A bug has arisen in my code which has allowed duplicate entries to appear in a database table, but with different casing. I am using MySQL.

e.g In this example, the second row shouldn't have been added, but it was.

    ID    Name          Description
-------------------------------------
    1    HELLO WORLD    Saying hello
    2    Hello world    Saying hello

To remedy the incorrect data, I want to delete the row where the full name is capitalised whereever a duplicate has occured. Can I do regex in SQL, is that the best solution, and how would I do it?

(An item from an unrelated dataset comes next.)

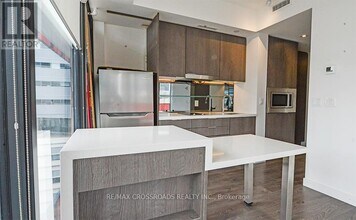 215 Queen St W in Toronto, ON - Building Photo - Building Photo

The table, in full, is as follows

'ADDRESSBOOK_GROUP', 'CREATE TABLE ADDRESSBOOK_GROUP ( ID int(10) unsigned NOT NULL default ''0'', NAME varchar(255) collate utf8_unicode_ci NOT NULL, DESCRIPTION text collate utf8_unicode_ci, ADDRESSBOOK_ID int(10) default NULL, TYPE int(10) unsigned NOT NULL default ''1'', PRIMARY KEY (ID), KEY ADDRESSBOOK_ID (ADDRESSBOOK_ID) ) ENGINE=MyISAM DEFAULT CHARSET=utf8 COLLATE=utf8_unicode_ci ROW_FORMAT=DYNAMIC'

Edit - Also I forget to mention earlier that I only want the duplicate checks to occur when ADDRESSBOOK_ID is '6';

1
Which RDBMS? And show the table, too. - fancyPants
I've provided a simplified example of the table. - Andy A
So far I've looked at working out the SQL, but I'm unsure on the WHERE statement. I've no regex experience and have struggled to get a foothold in it. I presume its a fairly simple piece of regex once I know what I'm doing though (unless I don't need regex at all?). - Andy A

1 Answers

5
votes

the following selects all the upper case values where doubles exists

delete t.* from table_name t
inner join (
    select distinct t.id
    from table_name t
    left join table_name t2
        on t2.col_name = t.col_name
    where t.col_name LIKE BINARY UPPER(t.col_name)
) as a
    on a.id = t.id;

edit:

delete t.* from ADDRESSBOOK_GROUP t
inner join (
    select distinct t.ID
    from ADDRESSBOOK_GROUP t
    left join (
        select
            count(*) as n,
            NAME,
            ADDRESSBOOK_ID
        from ADDRESSBOOK_GROUP
        group by 
            NAME,
            ADDRESSBOOK_ID
    ) as t2
        on t2.name = t.name
        and t2.ADDRESSBOOK_ID = t.ADDRESSBOOK_ID
    left join ADDRESSBOOK_GROUP t_n
        on t_n.ID = t.ID
        and t_n.NAME REGEXP ('^[0-9]+$') 
    where 
        t.NAME like binary upper(t.NAME)
        and t_n.ID is null
        and t2.n > 1
) as a
    on a.ID = t.ID
where t.ADDRESSBOOK_ID = 6;